Task: Restate the data word for word and leave the images out.

** Opening Provided data block **

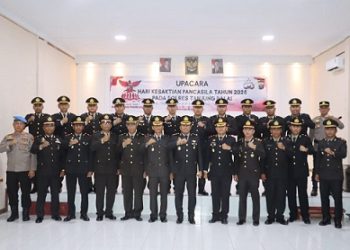 Kapolres Tanjungbalai AKBP Welman Feri, SIK, MIK photo bersama Para Pejabat Utama usai upacara Hari Kesaktian Pancasila Tahun 2025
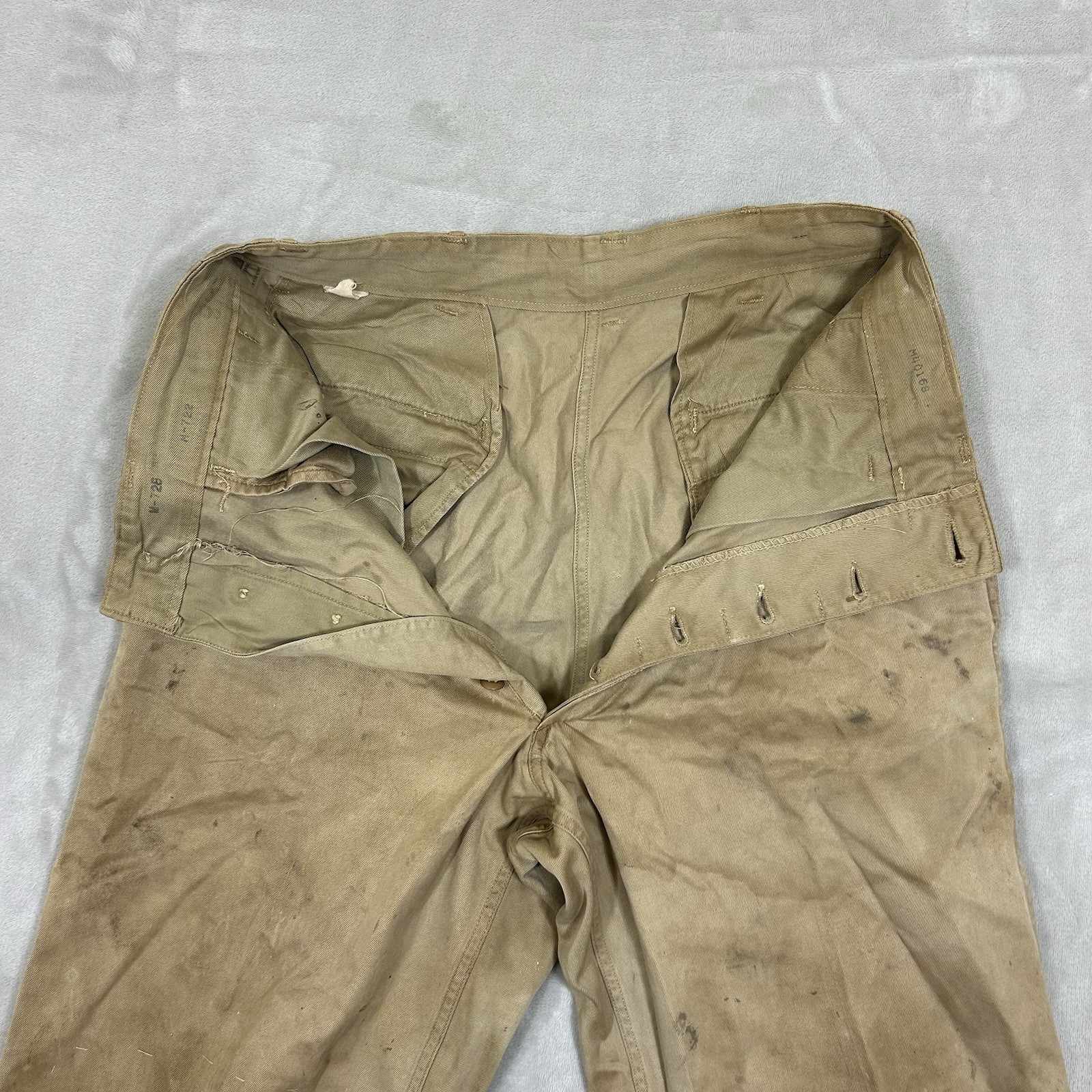 Vintage 1940s WW2 US Army Khaki Chino Cotton Uniform Pant 28x31 Button fly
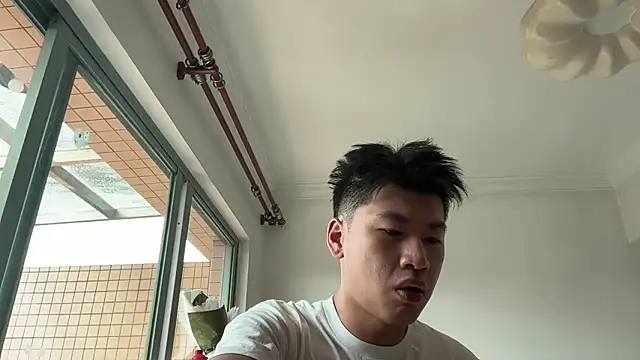 Snapshot of heywilliam chatting on 10-25-25, 02:41 heywilliam online show from 10-25-25, 02:41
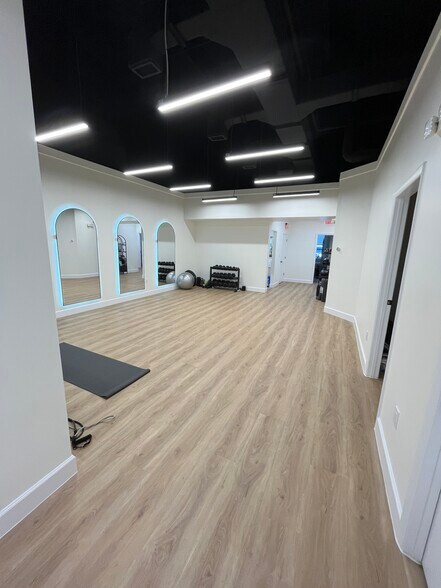 More Photos Of 10220 W State Road 84, Davie Flex For Lease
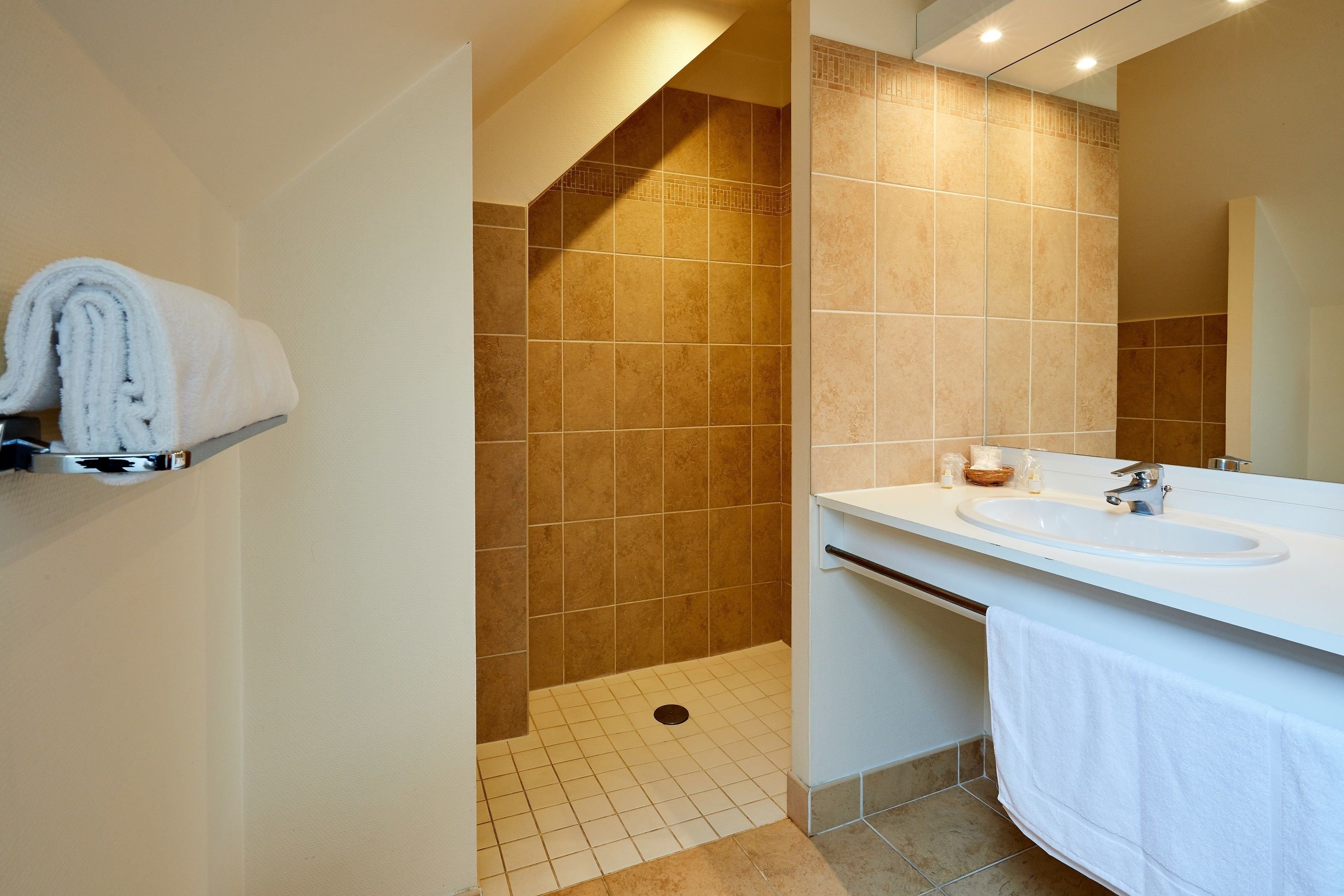 classic room, 2 single beds, non smoking | bathroom | hair dryer, towels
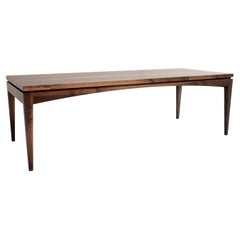Walnu Dining Table – Minimalist Furniture for Sophisticated Living Spaces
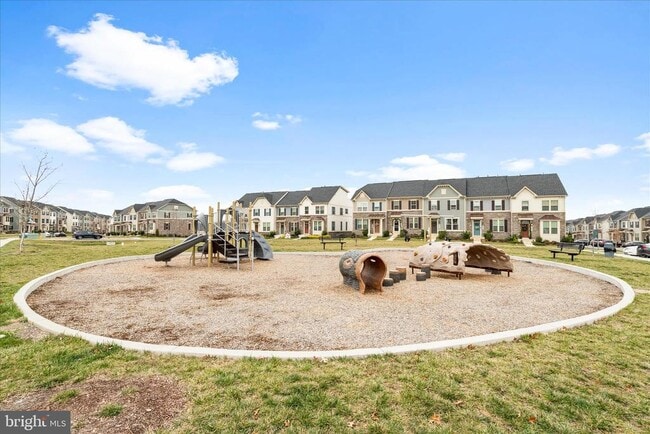 Building Photo - 5924 Pecking Stone St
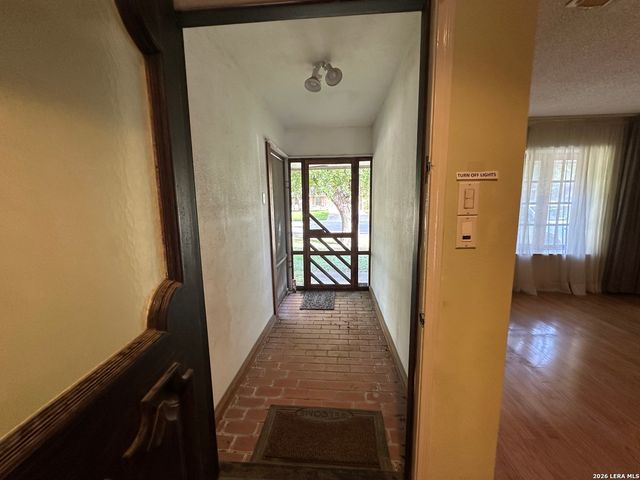 3007 Samar Dr, San Antonio, TX 78217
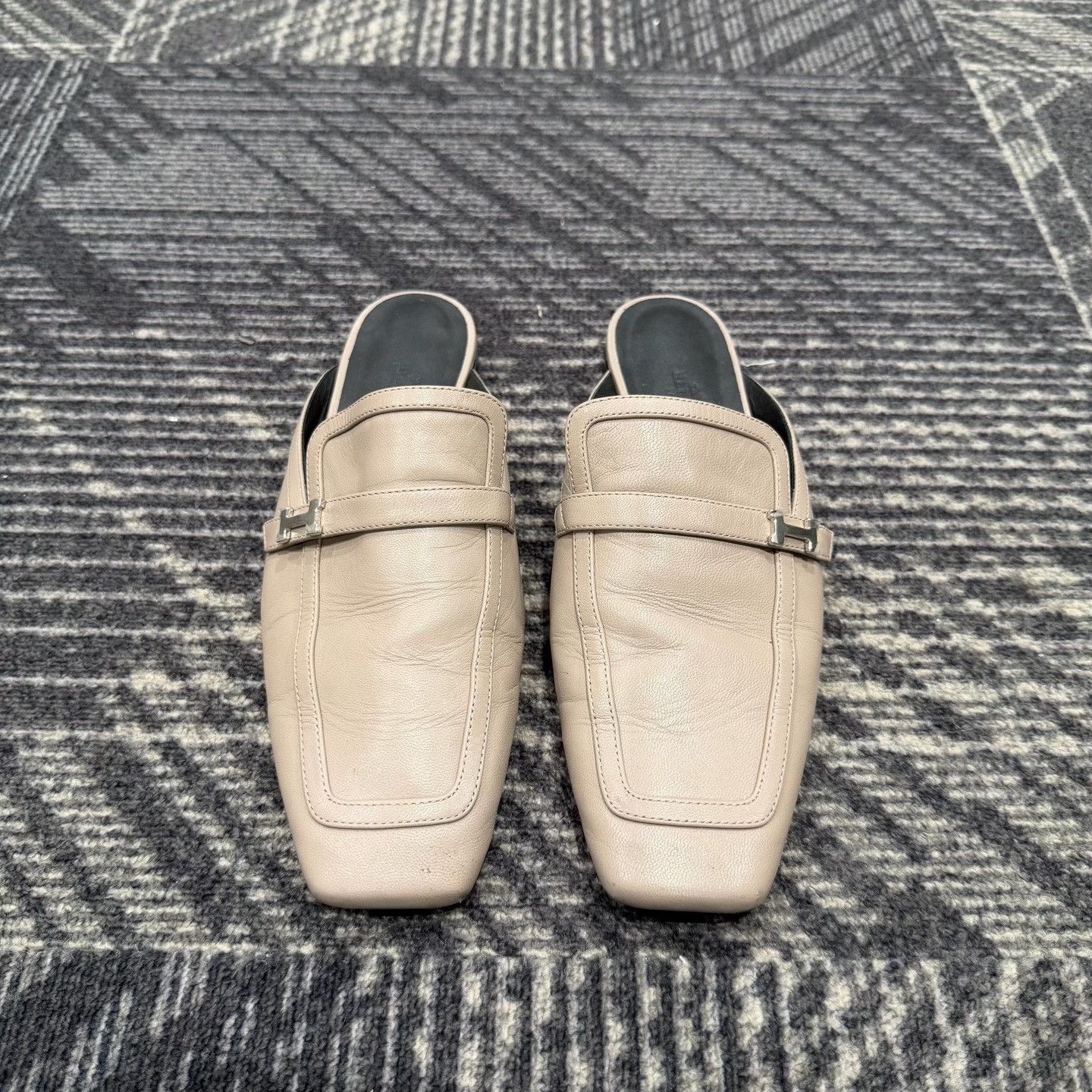 Hermes Hermes H Logo Groupie Mules 38 Size US 8 / IT 38 - 3 Thumbnail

** Closing Provided data block **

Reply to the exercise:
 Kapolres Tanjungbalai AKBP Welman Feri, SIK, MIK photo bersama Para Pejabat Utama usai upacara Hari Kesaktian Pancasila Tahun 2025
 Vintage 1940s WW2 US Army Khaki Chino Cotton Uniform Pant 28x31 Button fly
 Snapshot of heywilliam chatting on 10-25-25, 02:41 heywilliam online show from 10-25-25, 02:41
 More Photos Of 10220 W State Road 84, Davie Flex For Lease
 classic room, 2 single beds, non smoking | bathroom | hair dryer, towels
Walnu Dining Table – Minimalist Furniture for Sophisticated Living Spaces
 Building Photo - 5924 Pecking Stone St
 3007 Samar Dr, San Antonio, TX 78217
 Hermes Hermes H Logo Groupie Mules 38 Size US 8 / IT 38 - 3 Thumbnail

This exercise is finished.